Nell’estate 1948 il maresciallo Josip Broz Tito in aperta contrapposizione con Stalin era uscito dal Cominform, l’organizzazione di coordinamento dei partiti e comunisti, ponendosi di lì a poco tra i leader del Movimento dei Non Allineati. Aveva poi firmato accordi militari difensivi con la Grecia e la Turchia che facevano parte della Nato, ma una volta morto il dittatore georgiano si era riavvicinato all’Unione Sovietica approfittando del processo di destalinizzazione avviato da Nikita Krusciov. Nel 1954 il memorandum di Londra aveva sostanzialmente risolto la questione di Trieste, affidando l’amministrazione civile della Zona A all’Italia e della Zona B alla Jugoslavia. L’ondivaga politica estera di Tito aveva reso la Repubblica Federativa un interlocutore privilegiato delle potenze occidentali che giammai denunciarono le violenze del suo regime ed il progetto di economia politica impostato sull’autogestione aveva mostrato all’opinione pubblica una via jugoslava al socialismo. Tuttavia il clima di terrore proseguiva e la comunità italiana era confinata in una sorta di riserva indiana, esibita come dimostrazione della clemenza del regime nei confronti delle minoranze, ma di fatto inquadrata nell’Unione degli Italiani dell’Istria e di Fiume, vera e propria emanazione del partito comunista jugoslavo.

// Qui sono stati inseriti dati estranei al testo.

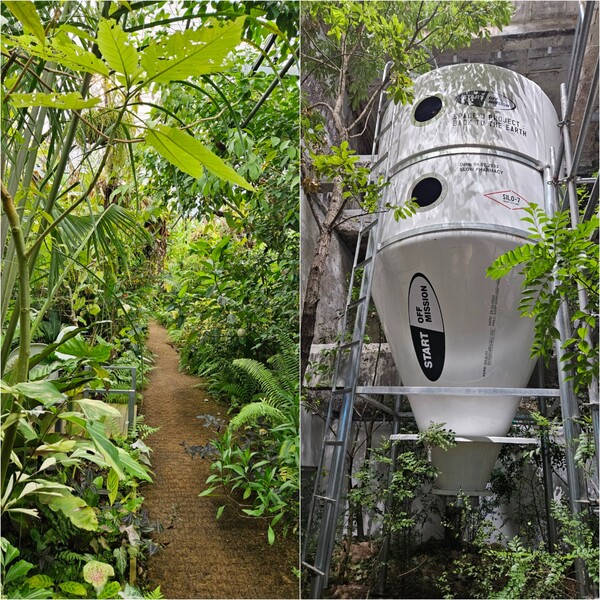 파주의 대형 원예농원 조인폴리아(왼쪽)와 슬로우파마씨의 팝업 전시 ‘Space O Project, Back to the Earth’(오른쪽). /사진=김현주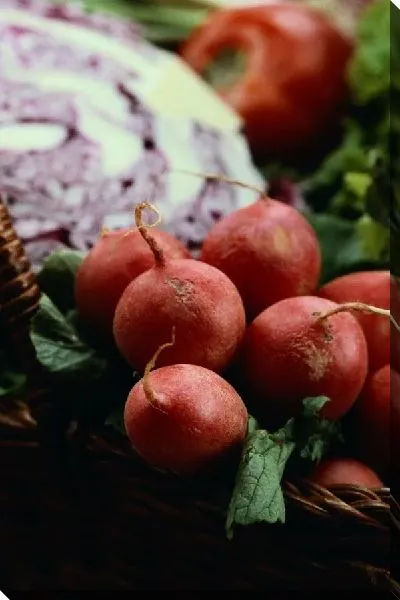 Постер Редис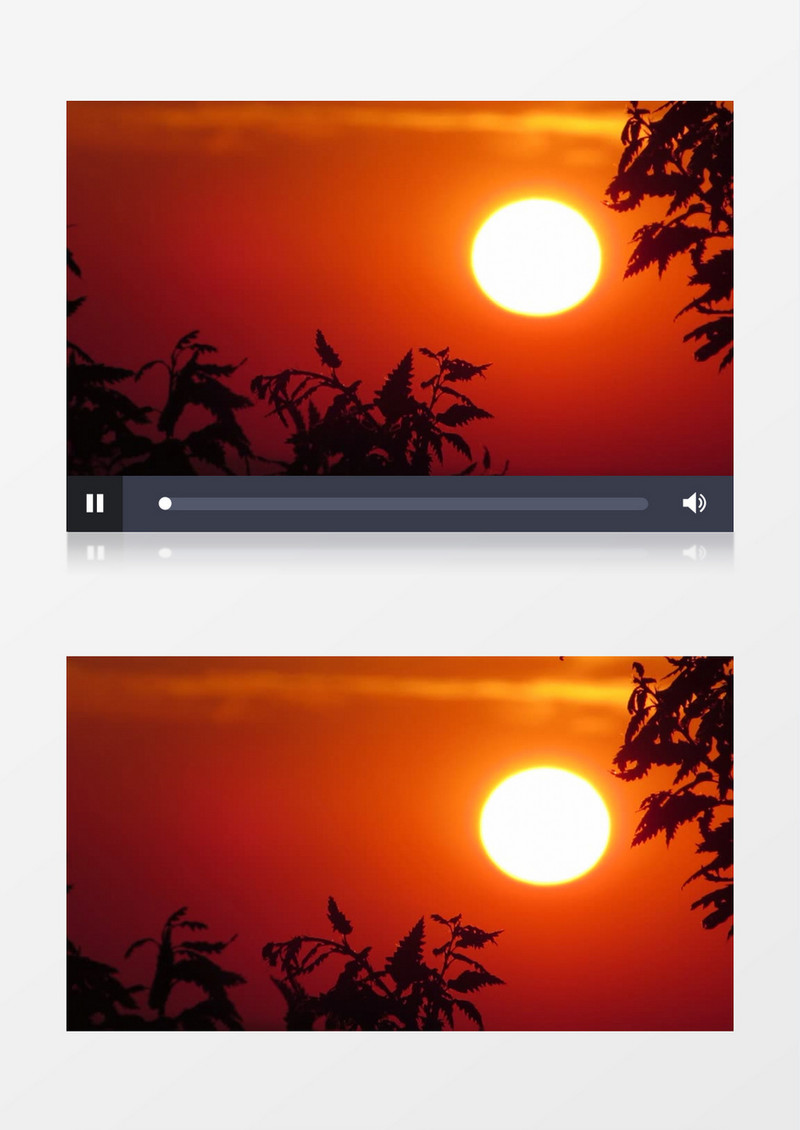 树影斑驳间的落日美景实拍视频素材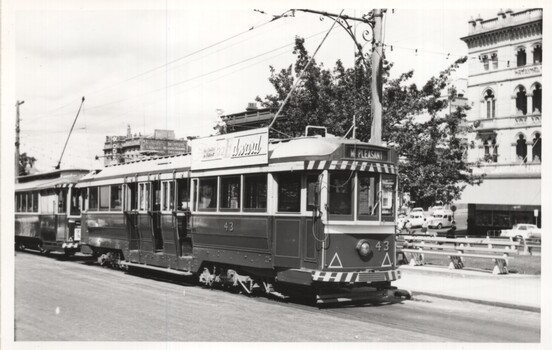 Ballarat tram 43 Sturt St 11-3-1961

Succedeva così che qualcuno cercasse di fuggire clandestinamente ed il mare Adriatico rappresentava un’invitante via di fuga, anche se ben presidiata dalle motovedette jugoslave, che spesso sparavano anche ai pescherecci italiani che si avvicinavano troppo alle acque territoriali. Il 10 maggio 1956 il vecchio pescatore lussignano Giovanni Knesich mise la propria barchetta a disposizione di tre giovani che volevano abbandonare l’isola quarnerina e raggiungere la madre patria sull’altra sponda dell’Adriatico: Mario Fillinich, Giovanni Zorovich e Giovanni Carcich. I nomi di questi nostri quattro connazionali adesso si trovano su una lapide eretta nel 2001 nel cimitero di Lussino che ricorda come quella notte siano stati “barbaramente uccisi e fatti segretamente sparire nelle acque di Lischi”. “I parenti e tutti i lussignani non più residenti a Lussino” avevano eretto la lapide, nel cordoglio si sarebbero poi associati “i lussignani rimasti”, ma c’era ancora timore a indicare nelle forze del regime comunista di Tito gli esecutori del quadruplice omicidio e specificare che “i lussignani non più residenti” erano stati profughi in fuga dalla dittatura.

Ricordiamo oggi questi morti nell’anniversario della loro scomparsa, pure a beneficio di chi ancora non accetta di applicare anche a Tito l’equiparazione che il Parlamento Europeo ha stabilito tra crimini nazisti e comunisti.